MEMORANDUM OPINION AND ORDER

KORNMANN, District Judge.

[¶ 1.] Harvey DuMarce, Kenneth Du-Marce, and Colleen Renville DuMarce (collectively “the plaintiffs”) instituted this action seeking, declaratory, injunctive and monetary relief against the United States, the Department of the Interior, and the Secretary of Interior, Gale Norton, (collectively “the government”), alleging that section 5 of the Sisseton-Wahpeton Sioux Act of October 19, 1984, P.L. 98-518, 98 Stat. 2411 (“the Act”), unlawfully took land in which the plaintiffs had, or would have had a legal interest, the taking being without just compensation and thus in violation of the Fifth Amendment to the United States Constitution. Small undivided interests in Indian allotments, instead of passing to the plaintiffs upon the death of their relatives, escheated to the United States to hold in trust for the Sisseton-Wahpeton Sioux Tribe.

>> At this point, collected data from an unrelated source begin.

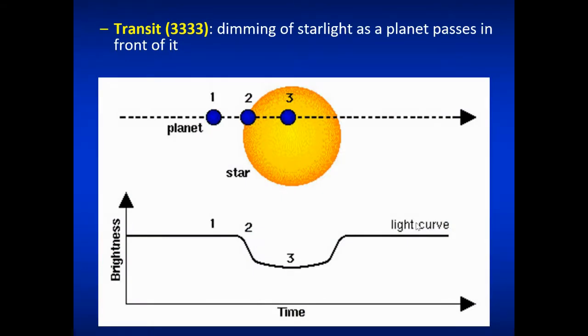The transit method works by observing a star at constant brightness. The brightness actually dips for a short time and then comes back to normal — this happens because a planet is making a transit across the surface of the star. We can determine some pretty neat things about the actual planet just from this transit and the spectrum we get from it.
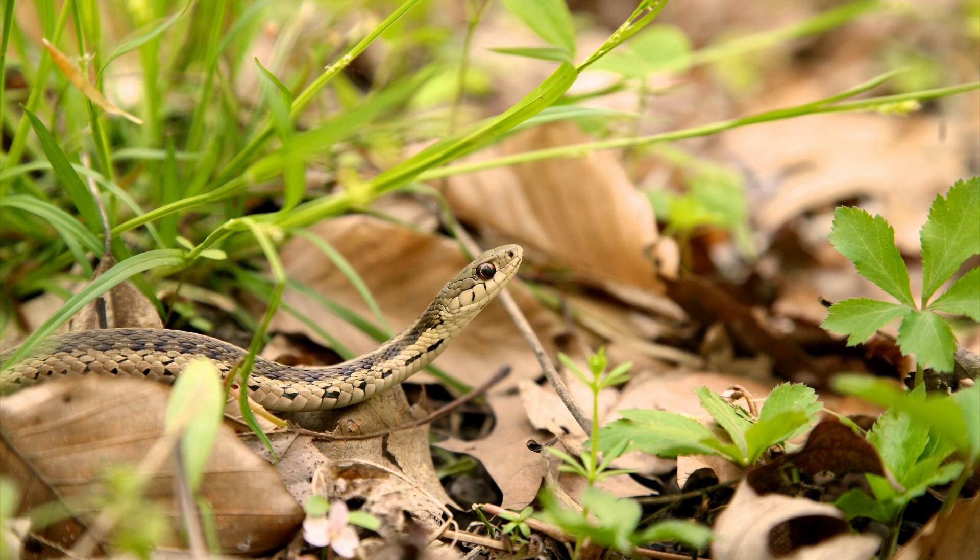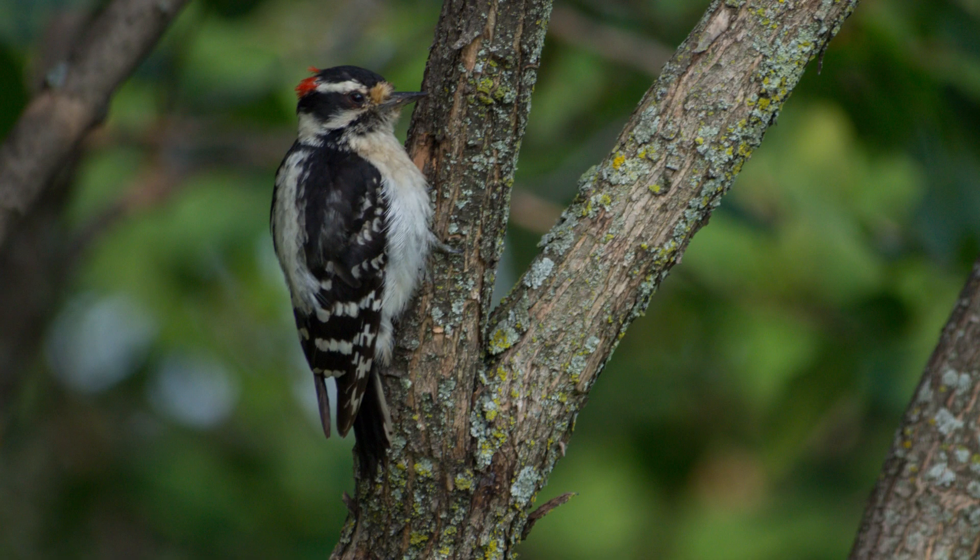When creating your habitat, you need to think about three things: food, water, and shelter. Do some research and learn about the species that live in your location. Plants and animals have evolved together, which is why it's so important to provide native plants. They provide food in the form of seeds, leaves, and bark that the animals in your ecosystem need to survive.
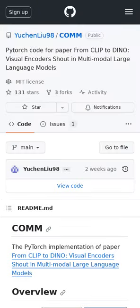Researchers dive deep into the visual encoders used in multimodal large language models (MLLMs), and discovered that certain features from CLIP and DINO models are especially effective for detailed visual tasks. They then introduced COM, a strategy that combines the strengths of both models.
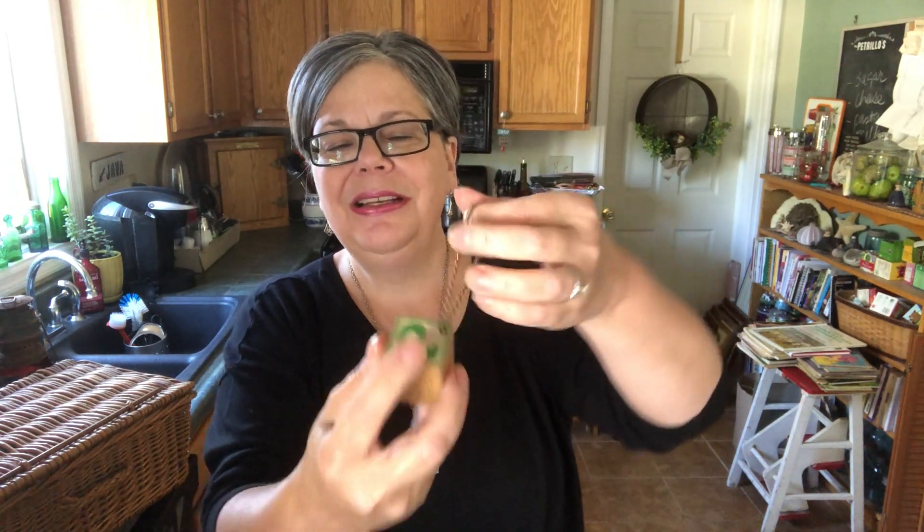I also picked up a few free things at the flea market including this little redware baker. These sell for about $4 from my antique booth. This block keychain has a P on it — my last name is Petrillo, so that was free. I had to pick that up, and then these wooden poker chips, red, white, and blue. Those will be fun for some kind of a craft I think.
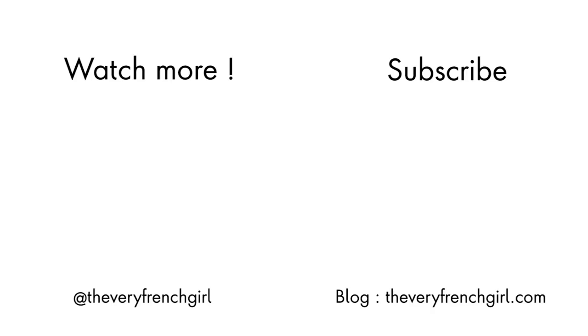And that's it for my swatches and review of the new lipsticks and products from Lisa Eldridge. I'd love to know if you got your hands on any of the new colors or products, if you know Lisa Eldridge, and if you've tried her formula. Let me know in the comments below — I'll be happy to reply. I hope you have a wonderful day, and I'll see you in my next video. Bye!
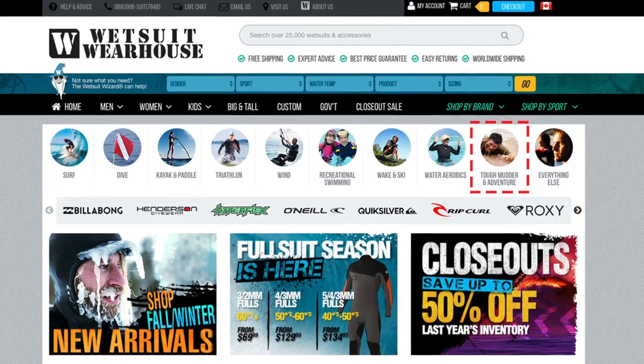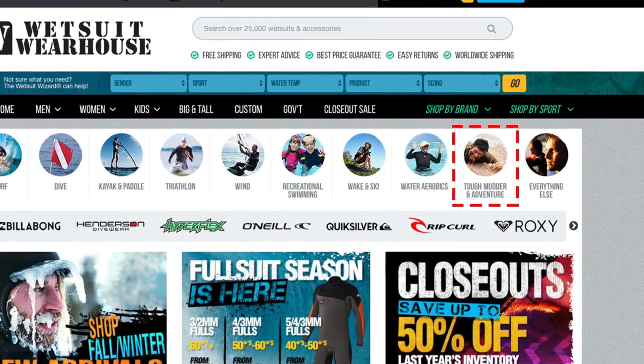Well there you have it, my wetsuit strategy to help me survive World's Toughest Mudder. Check out wetsuitwarehouse.com's Tough Mudder and Adventure tab for gear that'll help you get through your next cold water obstacle course race. This has been Adam Kwitko from 3seconds.com. Follow me on Instagram, Facebook, Twitter, and Strava — my handle is Adam Kwitko.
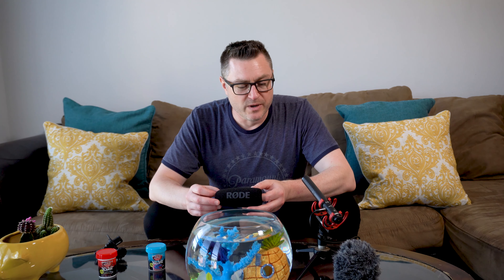I do like the windshield that came with the VideoMic NTG, if for no reason other than it protects the mic from bumps and bruises when you're setting it down or you have it attached to your camera even in normal use. Outside, I did pick up some wind noise, and here's an example real quick.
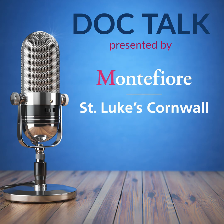This is DocTalk, presented by Montefiore St. Luke's Cornwall. I'm Jamie Lewis. Hello, Dr. Koplowitz, thank you for joining us. Hi, thank you for having me.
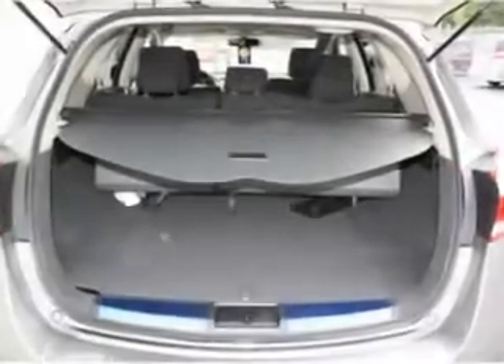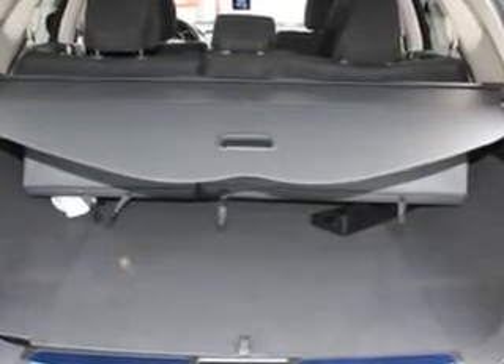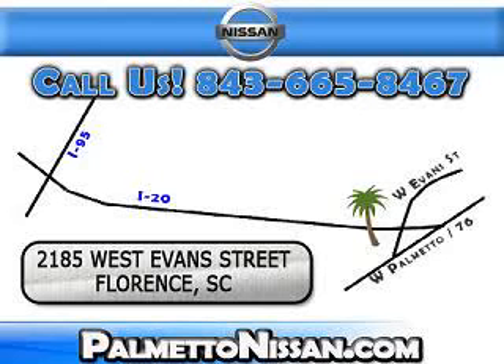Enjoy the drive and have peace of mind in this 2012 Nissan Murano. See us at Palmetto Nissan today. Just give us a call and we will be happy to answer vehicle questions, discuss financing, or trade-ins. You can drive away today with a great vehicle from Palmetto Nissan. We are easy to find in Florence at 2185 West Evans Street. Come see us.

[¶ 2.] The government, pursuant to Fed. R.Civ.P. 12(b)(1), filed a motion to dismiss, challenging this court’s jurisdiction. In addition, as an alternative, the government, pursuant to Fed.R.Civ.P. 56, filed a motion for summary judgment. The plain *1048 tiffs, in turn, have filed their own motion for summary judgment.

FACTUAL BACKGROUND

[¶ 3.] This case requires a “look back” to 1887. In that year, Congress passed the General Allotment Act of 1887, more commonly known as the Dawes Act, Ch. 119, 24 Stat. 388. The Dawes Act mandated the allotment of Indian reservation lands. See generally, F. Cohen, Handbook of Federal Indian Law, pp. 130-144, (1982 ed.). The purpose of allotment, according to its advocates, was to force Indians to abandon their traditional ways in order to “speed the Indians’ assimilation in American society.” Solem v. Bartlett, 465 U.S. 463, 466, 104 S.Ct. 1161, 79 L.Ed.2d 443 (1984). More important, however, was the desire by allotment advocates to open up vast ranges of Indian reservation land for white settlement. See F. Cohen, supra, at 132 (stating that “[t]he pressure for Indian land was a powerful motivating force for the allotment policy”). Under the Dawes Act and a specific allotment act aimed át the Sisseton-Wahpeton Indian Reservation, Act of March 3, 1891, 26 Stat. 1035 (ratifying the ■ 1889 agreement 1 between the government and the Tribe), Congress allotted each Tribal member 160 acres. 25 Stat. 1035. In order to supposedly protect the allottees from selling their lands to white settlers at disastrous prices, the allotment statutes provided that the allotted lands were to be held in trust by the United States. See Hodel v. Irving, 481 U.S. 704, 707, 107 S.Ct. 2076, 95 L.Ed.2d 668 (1987). There was, at that time, a view that the bureaucratic framework generally operated to safeguard Indian ownership of the allotted lands. 2 Irving, 481 U.S. at 707, 107 S.Ct. 2076.

[¶4.] In 1934, the allotment era was officially ended with the passage of the Indian Reorganization Act of 1934, Ch. 576, 48 Stat. 984. At that time, Congress changed its philosophy towards America’s indigenous populations. Instead of trying to force western culture and society upon them, Congress decided to promote tribal self-government and tribal ownership of land. See F. Cohen, supra, at 147. The hope was that tribes, by and through their tribal governments, would interact with and adapt to a “modern world,” rather than have that world and assimilation forced upon them. Id. The allotment process was abolished and individual allotments were indefinitely held in trust by the United States government. Id. at 148.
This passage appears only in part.